2. Crush the other cardamom pods, remove the seeds and finely grind them while discarding the pods. Mix the powder with 4 tbsp warm water and the saffron.
3. Fry the onions in 2 tbsp coconut oil until light brown and beginning to crisp, around 10 minutes. Then add the ginger and garlic to the pan and fry for a further 2 minutes.
4. Add the ground spices and all the grated veg. Mix well and fry for 10 – 15 minutes and finally season well with salt and pepper.
5. Heat the remaining coconut oil in another pan and fry the rice over a high heat for a few minutes, until it’s shiny. Strain half the spice-and-bay liquid into the pan. Bring to a boil, reduce the heat, cover and cook for about 5 minutes, or until the liquid has evaporated.

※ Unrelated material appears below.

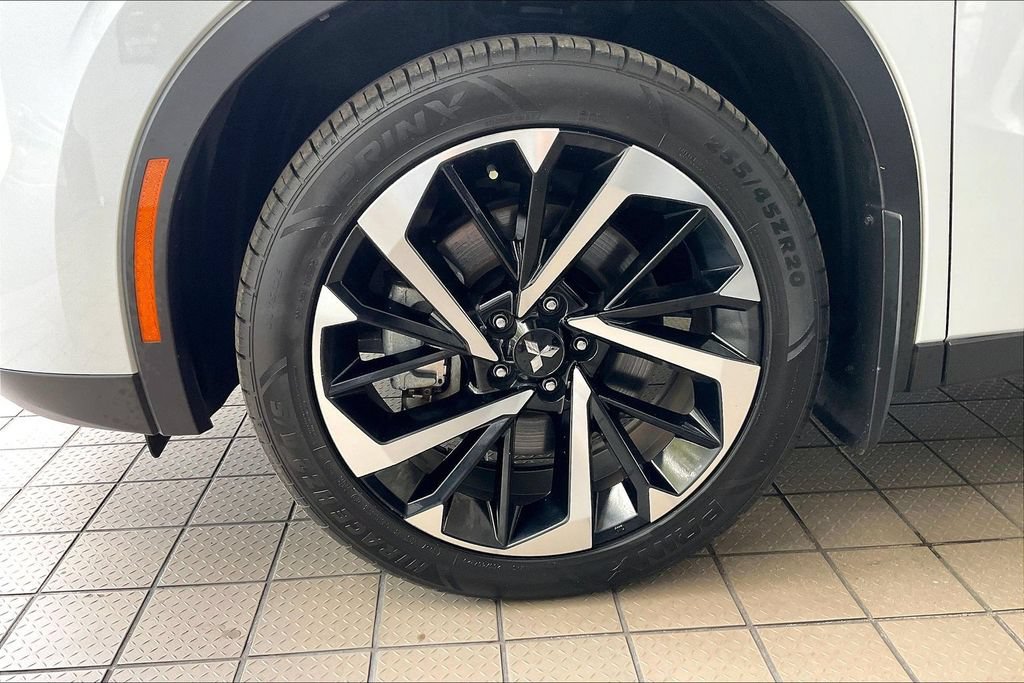 Used 2024 Mitsubishi Outlander SE AWD/4WD image 31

6. Now, assemble your biryani. Put a layer of rice in an ovenproof dish. Sprinkle over the remaining strained spice-and-bay liquid and some of the saffron liquid. Add a layer of the grated vegetable mix. Sprinkle over some of the chopped coriander. Repeat with another layer of rice and pour over the remaining saffron liquid. Sprinkle the almonds on top.
7. Cover the dish tightly with tin foil and/or lid and greaseproof paper. Put in the oven for 40 minutes, reducing the heat to 190C(170C fan)/375F (350F fan)/gas 5 after 20 minutes. Fluff and mix with a fork before serving and top with extra herbs, toasted almonds and plump juicy raisins.
8. The next day, you can reheat/sauté any leftovers. My beloved is partial to it topped with a friend egg.